1) Italy, Netherlands and the United States voted against resolution A/HRC/14/L.1, “Grave Attacks by Israeli Forces against the Humanitarian Boat Convoy” in the UN “Human Rights” Council. It is of note that the major Italian newspapers supported Israel editorially as well. In the United States, public opinion ran strongly in Israel’s favor, as usual.
After a nasty and public denunciation of Israel by President Sarkozy and Foreign Minister Kouchner, France abstained, probably reminded that in 1985 French commandos sunk a Greenpeace ship in what was called Opération Satanique. (You know what a threat those satanic environmentalists pose to Paris.) France was joined by Belgium, Burkina Faso, Hungary, Japan, Republic of Korea, Slovakia, Ukraine and UK.

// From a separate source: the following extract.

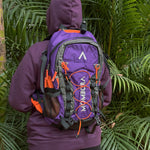 Mochila Nylon - Roxa e laranja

Voting in favor of the commission whose conclusion is in its title were Angola, Argentina, Bahrain, Bangladesh, Bolivia, Bosnia and Herzegovina, Brazil, Chile, China, Cuba, Djibouti, Egypt, Gabon, Ghana, India, Indonesia, Jordan, Kyrgyzstan, Mauritius, Mexico, Nicaragua, Nigeria, Norway, Pakistan, Philippines, Qatar, Russian Federation, Saudi Arabia, Senegal, Slovenia, South Africa, and Uruguay.
Surprised?
2) President Obama: He almost got it right in a TV interview, but missed the essential point. “You’ve got a situation in which Israel has legitimate security concerns when they’ve got missiles raining down on cities along the Israel-Gaza border. I’ve been to those towns and seen the holes that were made by missiles coming through people’s bedrooms. Israel has a legitimate concern there. On the other hand, you’ve got a blockage up that is preventing people in Palestinian Gaza from having job opportunities and being able to create businesses and engage in trade and have opportunity for the future.”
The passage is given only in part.